One of the main worries that came up in the UCU's survey is the stipulation by many universities that researchers must have produced four high-quality publications between 2008 and 2013, says Stefano Fella, a national industrial-relations official at the union. Of the academics polled, 67% felt that they could not produce the required output without working excessive hours — and 34% said that the stress was affecting their health. Many have reported changing how they approach their work, says Fella — for example, some might have rushed to get a publication in the assessment period, even if the work might have benefited from more time. “They don't think about the best way to present the work,” says Fella, “but what would be best for the REF.”

Frederic Lee, an economist at the University of Missouri–Kansas City, has studied how the UK research-assessment system has affected his discipline. He experienced two rounds of assessments first-hand while working at De Montfort University in Leicester in the 1990s. He says that economists who study alternative theories such as Marxism have been squeezed out because the assessment has consistently favoured mainstream work at elite institutions, published in a small subset of journals. “There has been a lemming effect that has led to a homogeneity of research topics,” he says.

Lee says that he was never pressured to abandon his research on the history of heterodox economic theories in the United Kingdom, but was encouraged to submit his work to particular mainstream journals, where it stood a slim chance of getting accepted. Other academics have told him that they have been pressured to switch to more conventional research topics, and some had been squeezed out of departments at major institutions. Nature spoke to one economist as the University of Manchester who studies alternative theories, and who left the department in part because the focus on RAE-friendly theories meant that prospects for advancement seemed essentially non-existent.

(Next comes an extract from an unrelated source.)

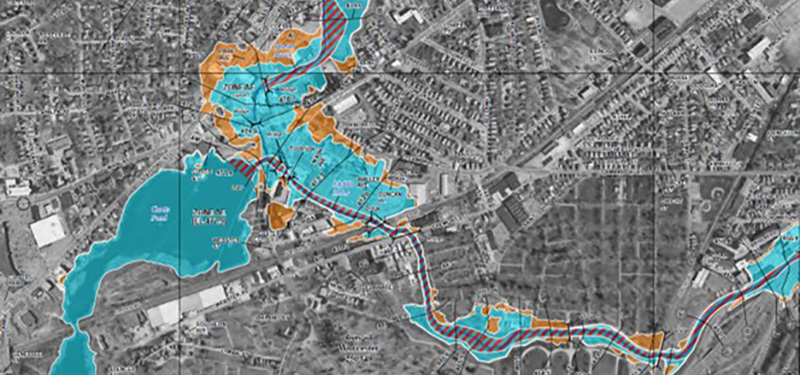 Grey Map of Blue and Orange Flood Areas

Academics are particularly worried about the move to assess the impact of research in the REF. They fear that this signals a preference for short-term, applied work over basic research that has no obvious, immediate public benefit. “As far as I'm concerned, you should do good science, and not think in this appallingly strategic way,” says Bishop. “Some good science takes a long time to do well.”

You should do good science, and not think in this appallingly strategic way.

The time, effort and money being spent on submissions are also a major concern: preparations for the 2008 RAE cost universities £47 million, according to a 2009 review of the exercise. Even smaller universities such as Lancaster asked several academics to spend months reviewing applications for mock REFs. The time burden can be even worse for administrators, who might have to hire extra staff to work on the REF, says Bishop. University College London, for example, has recruited four editorial consultants to work on the impact portion of the assessment.

McMillan says that it is natural to spend a bit more time and money when preparing to tackle a new criterion. “It's a dimension that we're not used to.” He adds that administrators at Lancaster are hiring external professional editors to help with only the final part of the process: polishing the case studies and impact statements that are written by academics and the university's research support office. Still, McMillan himself is currently spending two to three days a week tweaking Lancaster's submissions. “I think the REF is probably taking up more time than previous exercises,” he says. “The shift to the impact agenda has seen a big increase in the workload.”

But some universities have seen the benefits of all that work. The vast improvements made by Royal Holloway's psychology department demonstrate how much periodic evaluations can help, says Rastle. “Having the REF hanging over our heads makes sure we take all the steps we can to get the best out of our people.”